Marconi Beach is part of the Cape Cod National Seashore in Wellfleet, Massachusetts. The beach is named for Italian inventor Guglielmo Marconi. In 1903, the first transatlantic wireless communication originating in the United States was successfully transmitted from nearby Marconi Station; a message from U.S. President Theodore Roosevelt to King Edward VII of the United Kingdom. The beach was also used by the former Camp Wellfleet for artillery and rocket testing.

View facing north with the steep sand cliff on the left

View facing south with the steep sand cliff on the right

There is a broad, sweeping view of the Atlantic Ocean and Cape Cod Bay from the overlook atop the steep sand cliff above the beach. The National Park Service has built a display on-site that describes the history of wireless telegraphy, though parts have been removed due to beach erosion. During the summer season, restrooms and outdoor showers are available to beachgoers, along with on-site parking and access from the nearby bike trail via a two-lane road. Admission is charged for vehicles and pedestrians at the rate for all Cape Cod National Seashore beaches.

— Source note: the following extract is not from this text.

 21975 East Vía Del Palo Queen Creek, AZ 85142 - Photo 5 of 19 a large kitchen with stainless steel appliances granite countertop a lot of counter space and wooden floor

Marconi Beach is popular among locals and tourists for surfing and boogie boarding. It is one of five Cape Cod national seashore beaches that are on the ocean side of the Cape, generally providing a better surf than beaches on the bay side. Low tide exposes a fairly flat stretch of beach, making it also popular for skimboarding.

Grey seals can often be seen in the waters at Marconi, frequently confounding the efforts of surfcasters to land the bluefish and striped bass cruising beyond the breakers during the summer and fall.

At nighttime, the park is Bortle Scale Class 3, making it a popular stargazing site for those in Eastern Massachusetts.